L’Agenzia delle entrate s’è detta contraria ad abbassare l’Iva, dall’aliquota ordinaria (22%) a quella agevolata (10%), sulla cessione della fauna che le aziende faunistico-venatorie e agrituristico-venatorie impiegano nelle operazioni di ripopolamento.
Non è detto che sia destinata al consumo umano, visto che «il cacciatore può abbattere un numero elevato di animali da [introdurre] nella propria alimentazione oppure nessuno»: pertanto, rispondendo al quesito degli imprenditori agricoli riuniti nell’associazione Alfa, l’Agenzia delle entrate s’è detta contraria (risposta 6/2024) ad abbassare l’Iva, dall’aliquota ordinaria (22%) a quella agevolata (10%), sulla cessione della fauna che le aziende faunistico-venatorie e agrituristico-venatorie impiegano nelle operazioni di ripopolamento.

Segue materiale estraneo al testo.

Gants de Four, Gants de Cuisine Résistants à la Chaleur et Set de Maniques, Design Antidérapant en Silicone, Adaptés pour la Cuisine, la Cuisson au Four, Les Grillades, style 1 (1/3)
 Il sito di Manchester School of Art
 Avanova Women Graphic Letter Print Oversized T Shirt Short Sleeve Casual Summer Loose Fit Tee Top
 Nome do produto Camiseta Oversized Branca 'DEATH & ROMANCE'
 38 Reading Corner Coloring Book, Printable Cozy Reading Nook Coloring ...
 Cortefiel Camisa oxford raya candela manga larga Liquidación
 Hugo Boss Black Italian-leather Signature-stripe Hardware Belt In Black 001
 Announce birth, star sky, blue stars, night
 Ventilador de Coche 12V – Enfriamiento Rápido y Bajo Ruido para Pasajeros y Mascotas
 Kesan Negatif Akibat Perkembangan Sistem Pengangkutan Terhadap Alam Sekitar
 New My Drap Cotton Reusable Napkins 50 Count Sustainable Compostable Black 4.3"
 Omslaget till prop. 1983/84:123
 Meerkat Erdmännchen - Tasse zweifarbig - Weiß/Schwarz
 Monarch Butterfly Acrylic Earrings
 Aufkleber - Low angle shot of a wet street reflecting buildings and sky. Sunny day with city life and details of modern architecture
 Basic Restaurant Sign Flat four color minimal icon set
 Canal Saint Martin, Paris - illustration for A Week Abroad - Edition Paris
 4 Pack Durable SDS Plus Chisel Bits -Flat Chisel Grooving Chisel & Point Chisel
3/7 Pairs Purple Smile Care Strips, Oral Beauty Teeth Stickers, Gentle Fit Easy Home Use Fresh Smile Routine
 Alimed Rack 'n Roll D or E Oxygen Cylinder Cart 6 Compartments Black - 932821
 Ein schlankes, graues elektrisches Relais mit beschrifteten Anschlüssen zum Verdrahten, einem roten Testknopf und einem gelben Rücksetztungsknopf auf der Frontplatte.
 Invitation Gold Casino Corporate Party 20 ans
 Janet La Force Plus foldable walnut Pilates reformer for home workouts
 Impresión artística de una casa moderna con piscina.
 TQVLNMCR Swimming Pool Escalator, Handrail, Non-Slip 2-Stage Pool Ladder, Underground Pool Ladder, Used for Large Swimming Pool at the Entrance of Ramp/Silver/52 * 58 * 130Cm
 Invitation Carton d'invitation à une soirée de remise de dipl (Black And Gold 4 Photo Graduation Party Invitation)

Solo per meno di un semestre nel 2021 «per fronteggiare gli effetti economici [legati] all’emergenza epidemiologica» il governo allora in carica (lo guidava Mario Draghi) aveva abbassato l’Iva sulla compravendita di animali vivi destinati all’attività venatoria. «Si trattava di una deroga temporanea al regime ordinario, disposta dal legislatore per motivi eccezionali cessati i quali (ossia dal 1° gennaio 2022) [alla fauna] ceduta per l’attività venatoria si torna ad applicare l’Iva ordinaria».